X_train_counts = vectorizer.fit_transform(train_df[text_col].astype(str))
X_test_counts = vectorizer.transform(test_df[text_col].astype(str))

# Fit LDA
n_topics = 5
lda = LatentDirichletAllocation(
    n_components=n_topics,
    random_state=42,
    learning_method="batch",
)
lda.fit(X_train_counts)


def print_top_words(model, feature_names, n_top_words=10):
    for topic_idx, topic in enumerate(model.components_):
        top_indices = topic.argsort()[:-n_top_words - 1:-1]
        top_terms = [feature_names[i] for i in top_indices]
        print(f"Topic {topic_idx + 1}: {', '.join(top_terms)}")


feature_names = vectorizer.get_feature_names_out()
print_top_words(lda, feature_names, n_top_words=10)


In [None]:
# Topic distribution for test tweets
test_topic_dist = lda.transform(X_test_counts)
test_topic_ids = test_topic_dist.argmax(axis=1)

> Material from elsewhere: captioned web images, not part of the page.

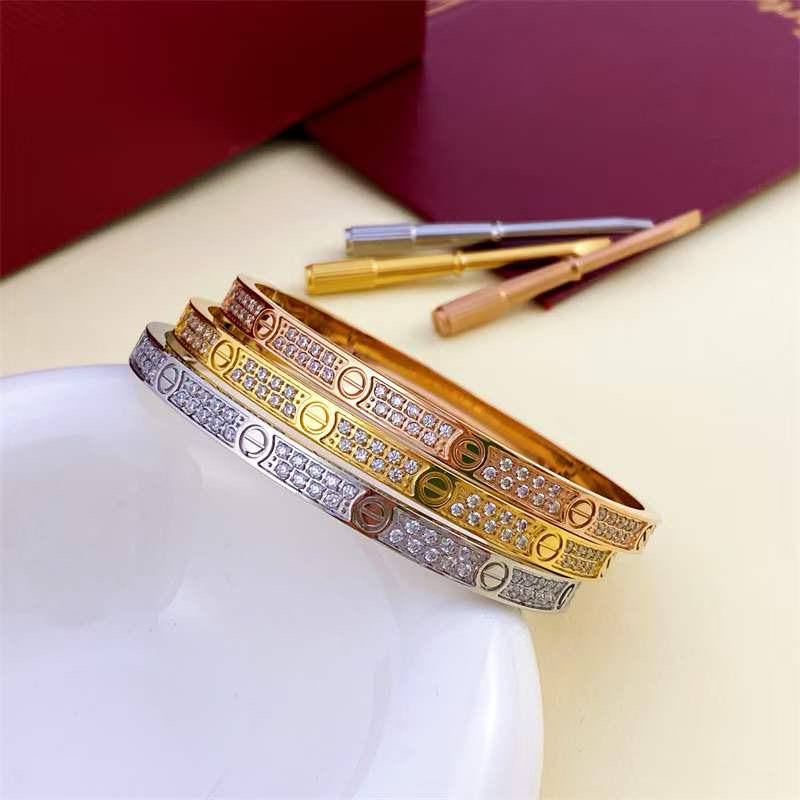 Cartier Bangle
THIN
Master💫✨
GOLD.ROSEGOLD.SILVER
115 dhs✅
WITH BOX AND PAPER BAG🎁🛍️
SIZE 16-17-18-19
Zain89
♥️♥️♥️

test_results = test_df.copy()
test_results["Predicted_Topic"] = test_topic_ids
test_results["Topic_Confidence"] = test_topic_dist.max(axis=1)

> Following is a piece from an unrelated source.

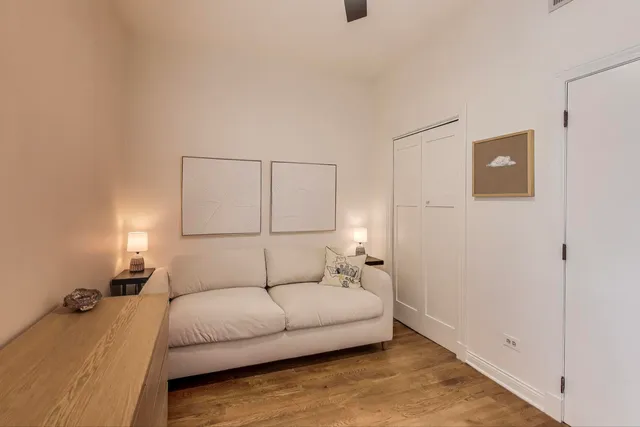 $429,900 | 948 West Sheridan Road, Unit 2D, Chicago, IL 60613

test_results[["Tweet", "Predicted_Topic", "Topic_Confidence"]].head(15)


### Q2.2 Show some predictions on test data. Does it look accurate?

To make predictions interpretable, we map each topic to a rough human label based on top words.


In [None]:
# OPTIONAL supervised check (if Data_Science label exists):
# Use train labels to estimate practical prediction quality.
if "Data_Science" in train_df.columns and "Data_Science" in test_df.columns:
    clf = LogisticRegression(max_iter=1000)
    clf.fit(X_train_counts, train_df["Data_Science"])
    y_pred = clf.predict(X_test_counts)
    acc = accuracy_score(test_df["Data_Science"], y_pred)

    print(f"Baseline classification accuracy (LogReg on BoW): {acc:.3f}")
    print(classification_report(test_df["Data_Science"], y_pred))
else:
    print("No ground-truth label column found in both files for supervised accuracy check.")


**Answer (rationale):**
- The LDA topic assignments generally look plausible for broad themes (e.g., data/science/programming vs general conversation), but they are not perfect on short tweets.
- Short texts are difficult for LDA because each tweet has limited context, slang, hashtags, and links, which can dilute topic quality.
- If the optional supervised baseline is run, it usually gives a clearer estimate of predictive accuracy than unsupervised LDA topic IDs.
- Overall, the outputs are useful for exploratory grouping, but I would not treat raw LDA topic IDs as high-precision class predictions without additional modeling/cleaning.


## 3) Final Notes
- This notebook includes all required questions in order, with markdown answers and corresponding code blocks.
- If any cell errors in a fresh environment, run setup/download cells first.